Octubre del año 2019 marcará para siempre un antes y un después en Chile. La impresionante evolución de los indicadores agregados de los 30 años previos —del PIB per cápita, de la pobreza monetaria, e incluso de la desigualdad de ingresos— hacía creer que el país era un oasis en la región. Pero por real y relevante que haya sido la dinámica de esos índices, detrás había un importante descontento ciudadano. Varios cientistas sociales llevaban ya una década alertando sobre la demanda por igual dignidad que se hizo patente entonces. La ciudadanía llevaba tiempo haciendo ver sus múltiples demandas al sistema político. Las marchas de los pingüinos en el 2006 fueron seguidas en años posteriores por diversas movilizaciones masivas. Los universitarios, los regionalistas de Aysén, los pensionados y las feministas, entre otros, llevaron a las calles sus demandas a la clase política.

Al mismo tiempo, las encuestas pusieron sistemáticamente de relieve los rezagos en pensiones, salud, educación y seguridad que caracterizan al país. Pero el sistema político fue (y ha sido) incapaz de responder a esas demandas, con graves dificultades para hacerse cargo de los problemas que aquejan la vida cotidiana de las personas. ¿Cuántos años lleva el Congreso discutiendo reformas al pilar contributivo de pensiones? ¿ Y al sistema de salud, la capacitación, las salas cuna y Carabineros, entre tantos otros? La dinámica de la Convención también dejó en evidencia la dificultad que ha tenido la política para escuchar e incluir a personas y comunidades que experimentan problemas que el Estado no ha sido capaz de abordar. La desconfianza ha quedado patente de lado y lado, donde se demanda dejar en la Constitución la solución a ese problema que ya no puede esperar o. Amarrar lo que en una democracia quedaría para una ley.
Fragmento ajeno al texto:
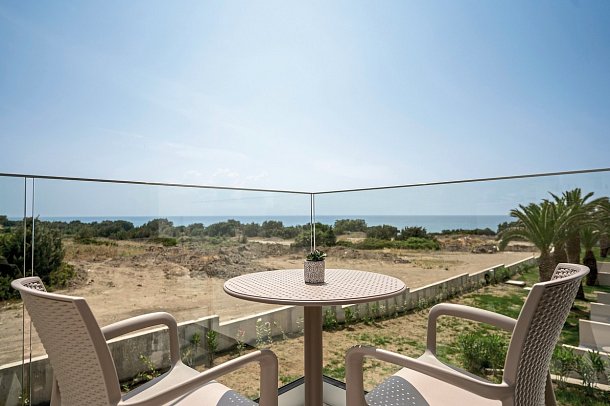 Porto Bello Beach Hotel & Aqua Park - Wohnbeispiel Familienzimmer Etagenbett seitl. Meerblick (Zimmercodierung FB2)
El desapego ciudadano hacia el sistema político (Congreso, partidos) tiene una razón de ser: se percibe como sordo a sus problemas y demandas. ¿Por qué? Sin ser experta, aventuro dos posibles explicaciones que no son excluyentes entre sí. Una es que la élite política se alejó de la ciudadanía. Previo a la dictadura estaba inmersa en juntas de vecinos, sindicatos y federaciones estudiantiles. Ello se perdió con la dictadura, pero hubo un esfuerzo por renovar esa relación al recuperarse la democracia. En un país tan desigual y segregado como Chile, el desarraigo social hace muy difícil a la élite política comprender las urgencias de la vida diaria que experimentan otros. La otra es que el sistema político no favorece la colaboración. A pesar del régimen fuertemente presidencialista, el Ejecutivo, cualquiera sea su signo, tiene grandes dificultades para conseguir la aprobación legislativa de las reformas comprometidas con la ciudadanía en las elecciones. Por un lado, no alcanza mayoría en el Congreso y, dada la alta fragmentación, enfrenta no a una, sino que a múltiples oposiciones. Por el otro, estas oposiciones no tienen incentivos a colaborar con las reformas de un Ejecutivo en minoría. Al contrario, buscan formas para entorpecer su trabajo, con un uso desmedido de recursos como las censuras ministeriales o con reformas para soslayar normas constitucionales como la iniciativa exclusiva presidencial.

Independiente de lo que suceda en el plebiscito de hoy, el país necesita un sistema político y electoral que reduzca la fragmentación y favorezca la cooperación política, Esa es una tarea pendiente tanto si se aprueba como si se rechaza la propuesta de texto constitucional El país también necesita que la ciudadanía pueda incidir en las decisiones que atañen sus propias vidas. Los mecanismos que hoy existen (los plebiscitos comunales y la Ley 20.500 de Asociaciones y Participación Ciudadana en la Gestión Pública) son claramente insuficientes. La descentralización política y administrativa, y la instalación de mecanismos de democracia directa bien diseñados son posibilidades reales para que las demandas ciudadanas repercutan. Juntar firmas para incidir en la política es una forma realista y civilizada de hacerse oír. El simplismo y el blanco y negro que han caracterizado la discusión pública reciente en torno a los cambios que el país necesita han dejado poco espacio para la diversidad y los matices.

La colaboración que se requiere para una política legitimada pasa por superar el debate superficial y hostil en el que al final todos perdemos. ¿Qué acuerdos transversales se pueden construir para lograr una institucionalidad política legitimada? ¿Cómo configurar un sistema político más involucrado y sensible a las urgencias ciudadanas? ¿Cómo incorporar a esas voces que la política no ha sido capaz de representar? El proceso constituyente no termina hoy; es tarea de la política administrar de buena manera la necesidad de cambios que sigue en pie.